Pedram Abrari, founder and CTO of Corticon, did a breakout session on model-driven architecture, SOA, and the role that rules play in all of this. I’m also in the only room in conference center that’s close enough to the lobby to pick up the hotel wifi, and I found an electrical outlet, so I’m in blogger heaven.
It’s a day for analogies, and Abrari uses the analogy of car for a business application: the driver representing business, and the mechanic representing IT. A driver needs to have control over where he’s going and how he gets there, but doesn’t need to understand the details of how the car works. The mechanic, on the other hand, doesn’t need to understand where the driver is going, but keeps the car and its controls in good working order. Think of the shift from procedural to declarative development concepts, where we’ve moved from stating how to do something, to what needs to be done. A simple example: the difference between writing code to sum a series of numbers, and just selecting a range of cells in Excel and selecting the SUM function.
The utopia of model-driven architecture (MDA) is that business applications are modeled, not programmed; they’re abstract yet comprehensive, directly executable (or at least deployable to an execution environment without programming), the monitoring and analytics are tied directly to the model, and optimization is done directly on the model. The lack of programming required for creating an executable model is critical for keeping the development in the model, and not having it get sucked down into the morass of coding that often happens in environments that are round-trippable in theory, but end up with too much IT tweaking in the execution environment to ever return to the modeling environment.

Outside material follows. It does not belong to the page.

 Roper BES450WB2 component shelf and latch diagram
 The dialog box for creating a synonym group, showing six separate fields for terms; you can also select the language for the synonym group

He then moved on to define SOA: the concept of reusable software components that can be loosely coupled, and use a standard interface to allow for platform neutrality and design by contract. Compound/complex services can be built by assembling lower-level services in an orchestration, usually with BPM.
The key message here is that MDA and SOA fit together perfectly, as most of us are aware: those services that you create as part of your SOA initiative can be assembled directly by your modeling environment, since there is a standard interface for doing so, and services provide functionality without having to know how (or even where) that function is executed. When your MDA environment is a BPMS, this is a crystal-clear connection: every BPMS provides easy ways to interrogate and integrate web services directly into a process as a process step.
From all of this, it’s a simple step to see that a BRMS can provide rules/decisioning services directly to a process; essentially the same message that I discussed yesterday in my presentation, where decision services are no different than any other type of web services that you would call from a BPMS. Abrari stated, however, that the focus should not be on the rules themselves, but on the decision service that’s provided, where a decision is made up of a complete and consistent set of rules that addresses a specific business decision, within a reasonable timeframe, and with a full audit log of the rules fired to reach a specific decision in order to show the decision justification. The underlying rule set must be declarative to make it accessible to business people.
He ended up with a discussion of the necessity to extract rules out of your legacy systems and put them into a central rules repository, and a summary of the model-driven service-oriented world:
- Applications are modeled rather than coded
- Legacy applications are also available as web services
- Business systems are agile and transparent
- Enterprise knowledge assets (data, decisions, processes) are stored in a central repository
- Management has full visibility into the past, present and future of the business
- Enterprises are no longer held hostage by the inability of their systems to keep up with the business
Although the bits on MDA and SOA might have been new to some of the attendees, some of the rules content may have been a bit too basic for this audience, and/or already covered in the general keynotes. However, Abrari is trying to make that strong connection between MDA and rules for model-driven rules development, which is the approach that Corticon takes with their product.